Output the full listing below exactly as it reads, and skip anything that is a picture.

> [Data shown]:
* * * *

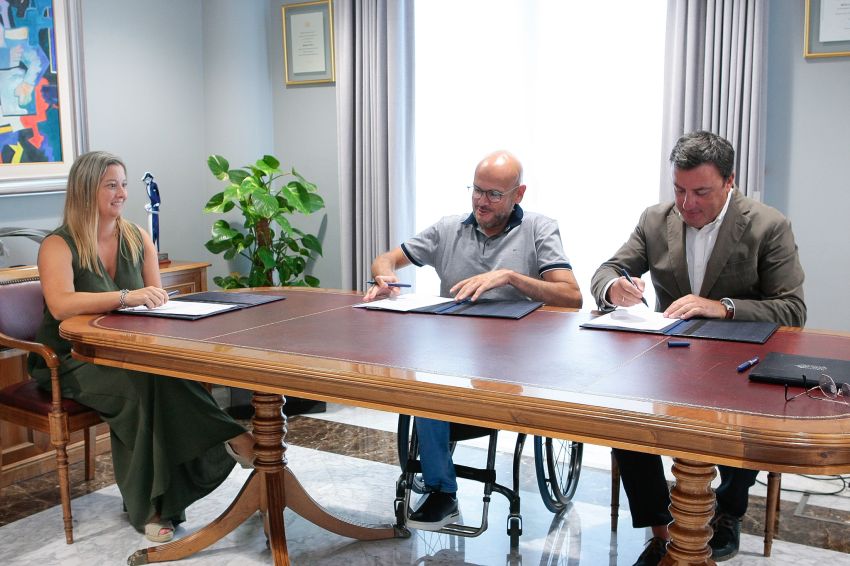 A Deputación e COGAMI asinan o convenio de colaboración para promover a inserción laboral de persoas con discapacidade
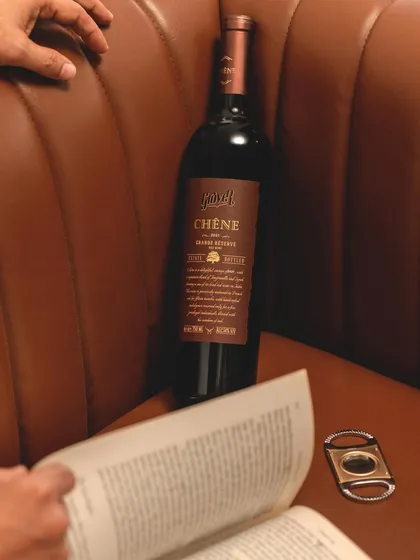 The bold Chêne Grande Reserve Red captivates with its blend of dark fruit notes and sweet spices from aging in French Oak. It is the ideal companion for a quiet evening at home with a good book.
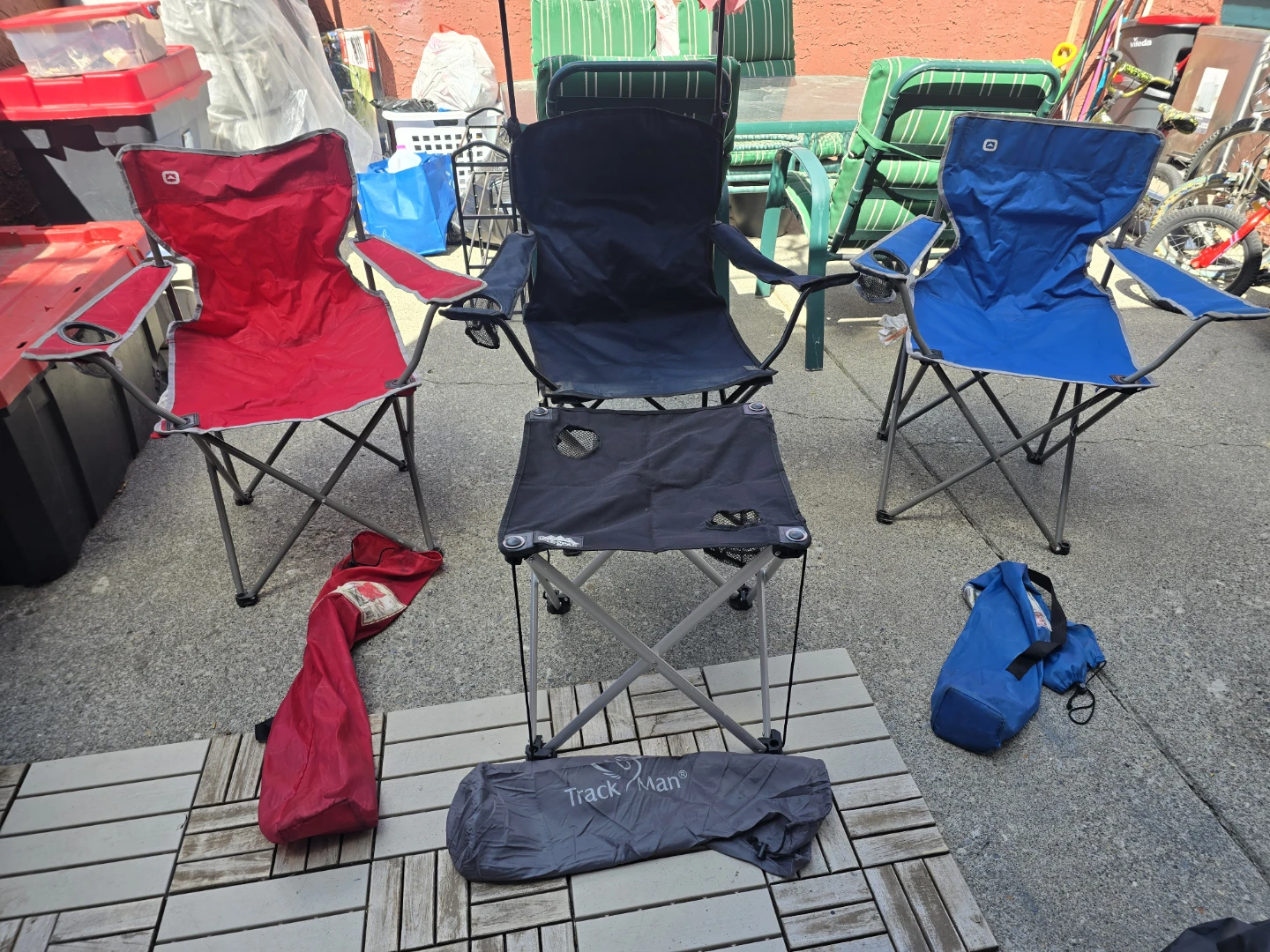 camping chairs and table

* * * *

> [Exercise response]:
 A Deputación e COGAMI asinan o convenio de colaboración para promover a inserción laboral de persoas con discapacidade
 The bold Chêne Grande Reserve Red captivates with its blend of dark fruit notes and sweet spices from aging in French Oak. It is the ideal companion for a quiet evening at home with a good book.
 camping chairs and table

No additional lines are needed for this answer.